Nicht alle fanden unsere Frage gut. Einige fühlten sich zu Unrecht auf die Täter-Rolle reduziert und protestierten aufgebracht. Andere verwiesen darauf, dass auch Männer Erlebende von sexualisierter Gewalt sind – eine Perspektive, die wir wichtig finden und nicht verschweigen wollen. Auch geht es um Situationen, die Männer wie Frauen erleben können – als Nichthandelnde. Trotzdem sind wir der Meinung, dass genau jetzt der Moment ist, um über Gewalt gegen Frauen zu sprechen. Und über Männer, die daran beteiligt sind.
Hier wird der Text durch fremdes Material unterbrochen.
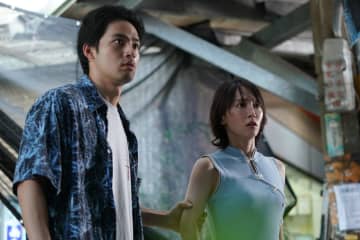 「私を見てください！」吉岡里帆＆水上恒司、二人の恋が加速する『九龍ジェネリックロマンス』本編シーン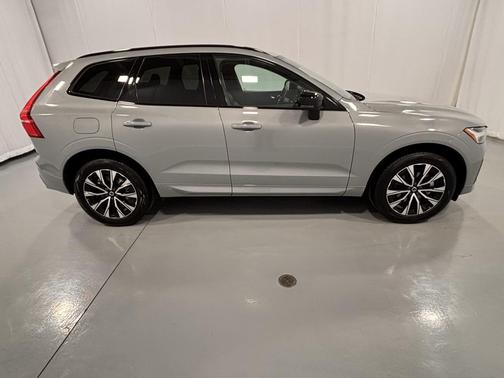 2025 Volvo XC60 B5 Core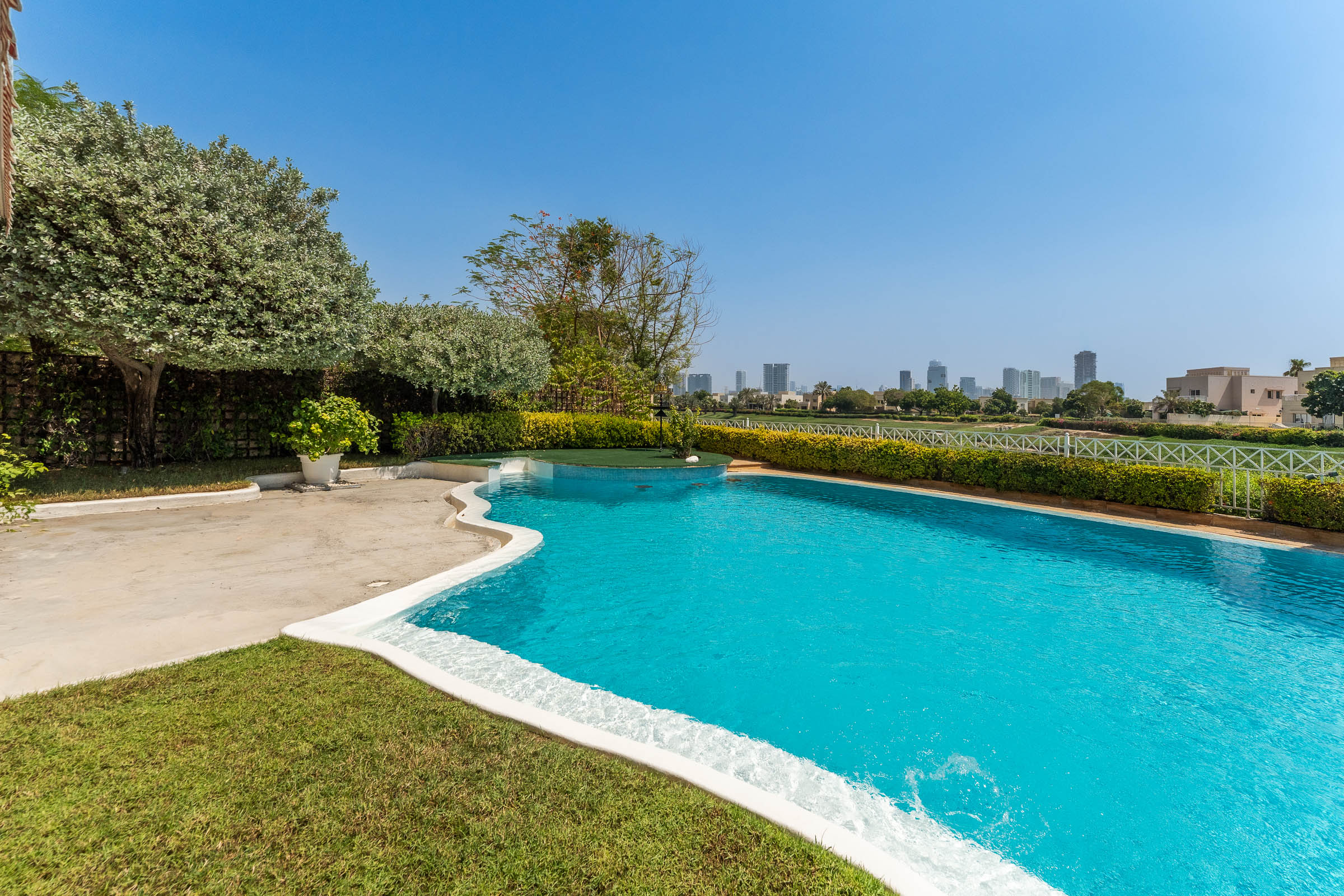  Lake-Facing Villa on Large Plot in The Meadows - 物件實景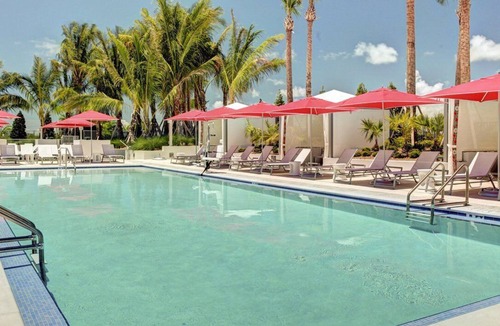 Surfside Apartment | Beautiful studio unit at resort, sleeps 2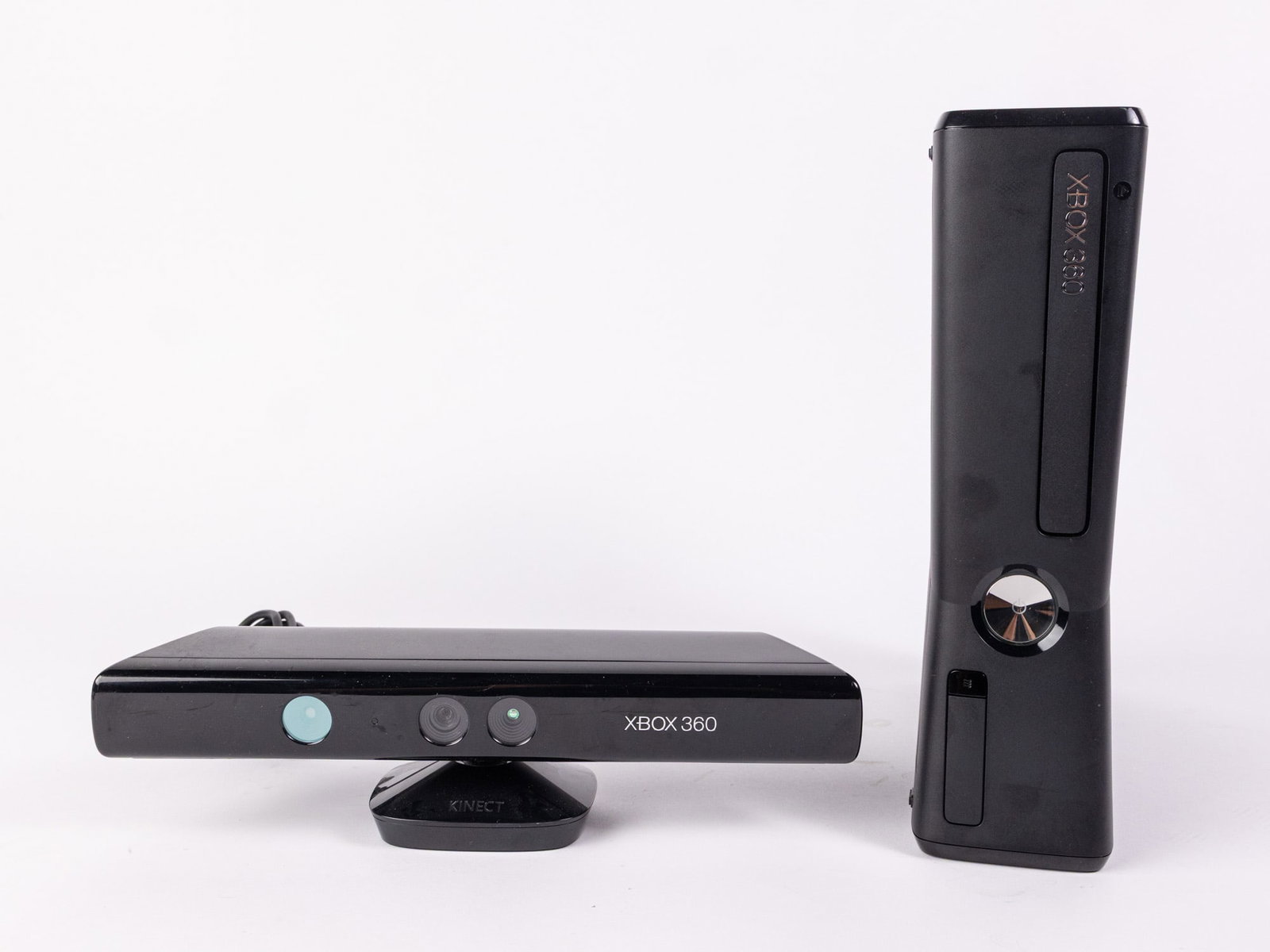 XBox 360 Console with Kinect Accessory: XBox 360 Console with Kinect Accessory Size 11" x 10" x 3" Literature Brooks Auction – Online Auction Terms & Conditions Contact: (856) 694-2960 | info@brooks.auction READ BEFORE YOU BID: We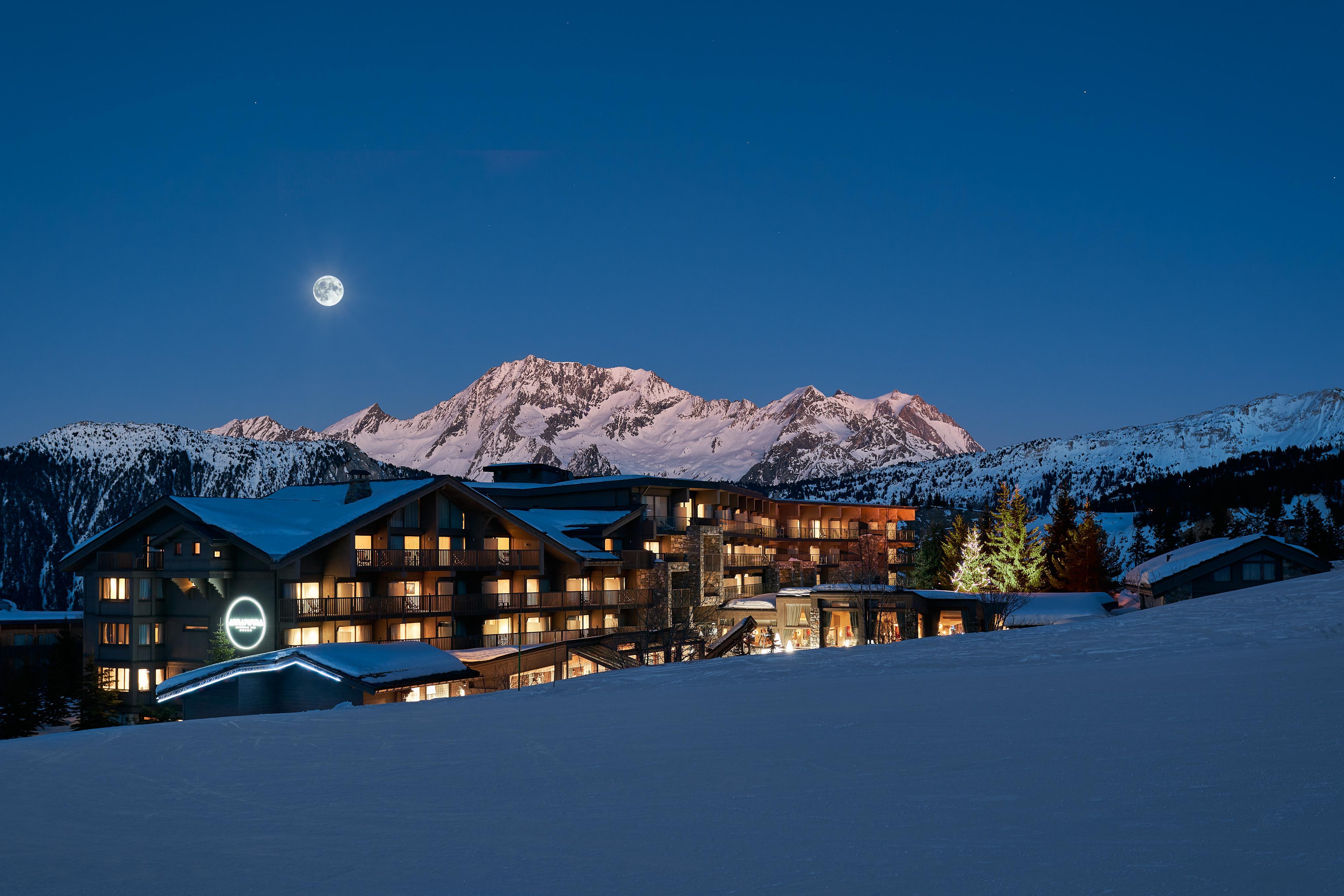 Hotel Annapurna Courchevel Exterior photo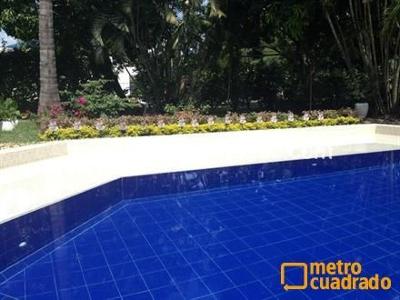 Casa de 4 alcobas en arriendo en El Peñon, Girardot, 200 m² · foto 14 de 15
Wieder andere wollten nicht mitmachen, weil sie fürchteten, durch ihre Schilderungen ungefragt die Anonymität der Betroffenen zu gefährden. Oder weil sie es für falsch halten, mutmaßlichen Tätern so einen zu einfachen moralischen Ausweg zu bieten. Und manche sagten, sie hätten solche Situationen noch nie erlebt.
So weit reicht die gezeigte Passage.